Abdel Ghafour: No reconciliation with the rest of Nour Party

Ahram Online , Tuesday 2 Oct 2012

Dismissed Nour leader Abdel Ghafour has said that there are no current plans to reconcile the warring factions within the party

Abdel Ghafour
Abdel Ghafour (Photo: AL-Ahram)

Emad Abdel Ghafour, the former leader of the Salafist Nour Party, told Ahram Arabic news website that there are no plans for reconciliation between himself and the members of the party’s supreme commission, who withdrew confidence in him and appointed vice president Mostafa Khalifa as leader of the party.

“The reconciliation plans are only heard in the media,” Abdel Ghafour said, adding that he tried to reconcile with the Salafist Calling, a Salafist group that is influential within the Nour Party, over the past two months and that he had managed to reach some sort of reconciliation in the month of Ramadan with the head of the board, yet they failed to reach a final agreement.

"The Salafist Calling’s head of the board has been refusing to discuss any reconciliation plans," Abdel Ghafour said.

The Salafist Calling, led by influential Sheikh Yasser El-Borhami, took the side of the members of the party’s supreme commission in the conflict that divided the party between two fronts, the supporters of El-Borhami and those of 'reformist' Abdel Ghafour.

The Nour Party was the second most powerful political party in Egypt after the Muslim Brotherhood’s Freedom and Justice Party, coming second in the parliamentary elections.

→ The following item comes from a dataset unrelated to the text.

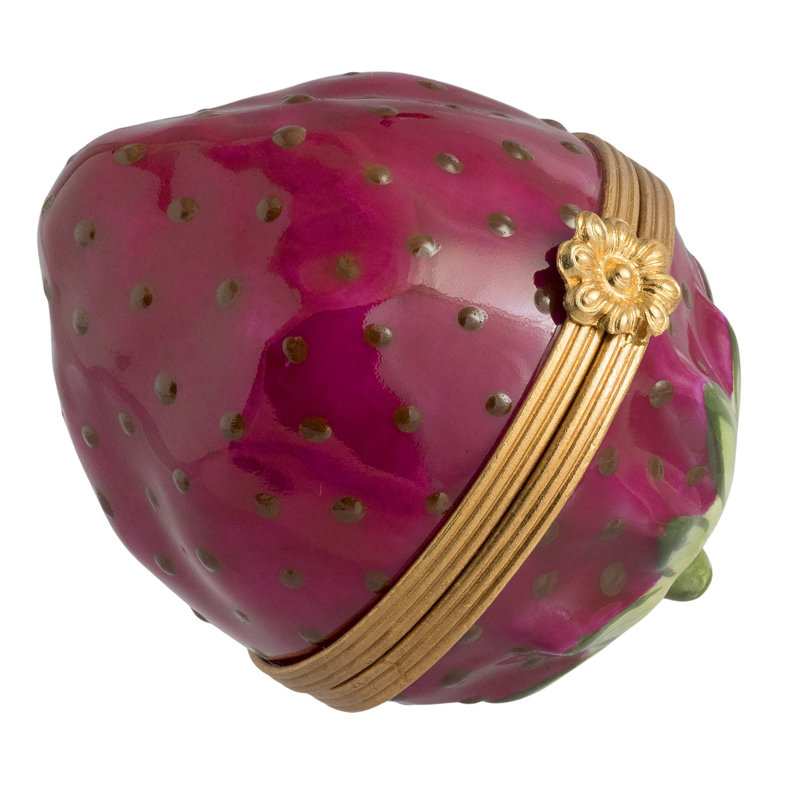 Fruits & Vegetables Handmade Ceramic Decorative Box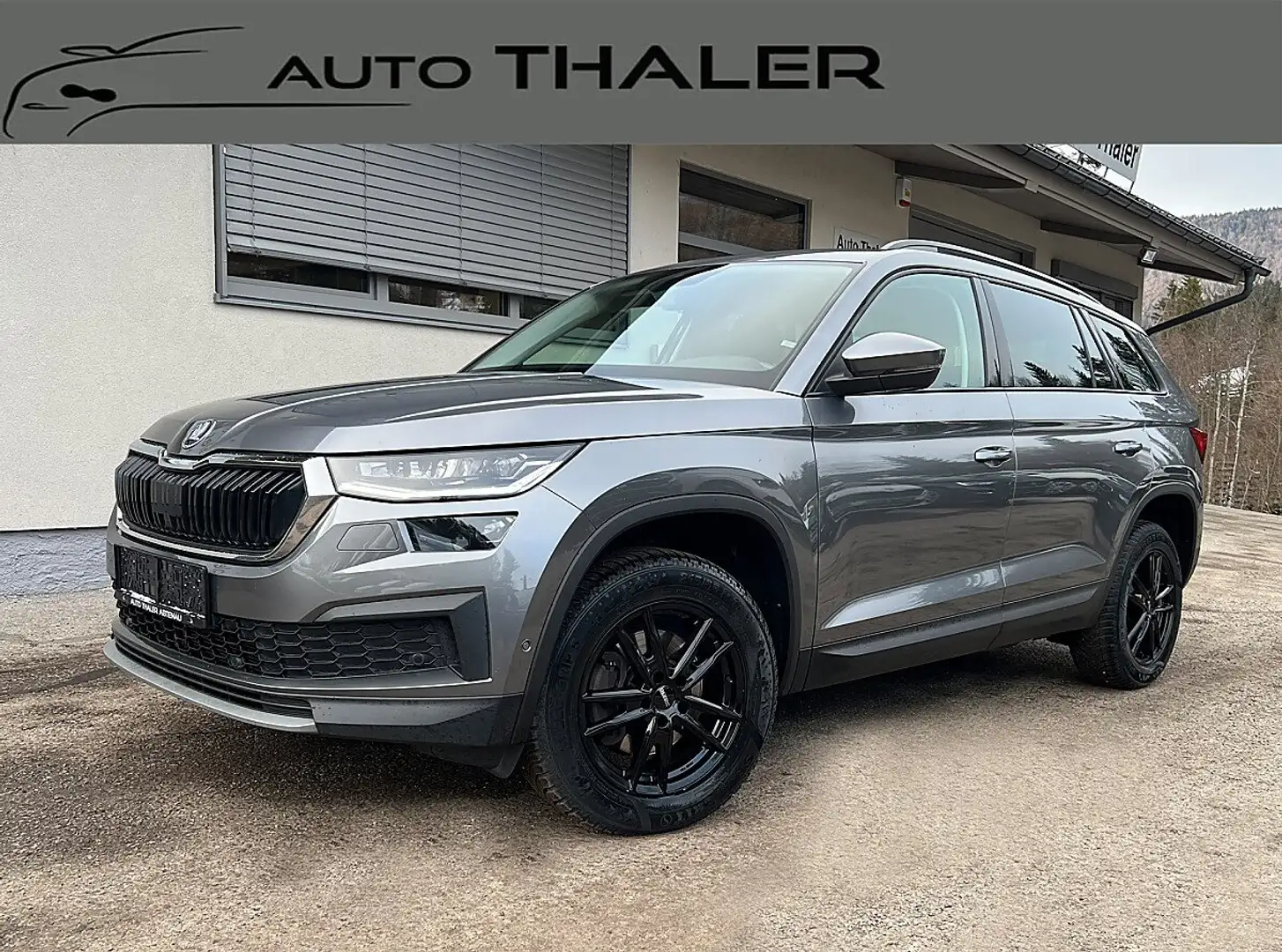 Skoda Kodiaq Kodiaq 2,0 TDI SCR 4x4 Ambition DSG Ambition Grau - 1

Ghafour, who was appointed by President Morsi to be his advisor on social communications, stated that he accepts that reconciliation take place through the Salafist Calling’s board of trustees.

"Everybody knows that we will accept reconciliation only through the Calling’s board of trustees, because of its scholarship and historical value among members of the Salafist movement in Egypt," he said.

Last Monday, El-Borhami's supporters held a press conference announcing that the supreme commission’s decision to withdraw confidence from Abdel Ghafour was “an internal reorganisation of the party.”

On his part, Abdel Ghafour, who announced last week that he had dismissed several members of the supreme commission because of what he considered to be cooperation with former presidential candidate Ahmed Shafiq, is still insisting that he is the leader of the party.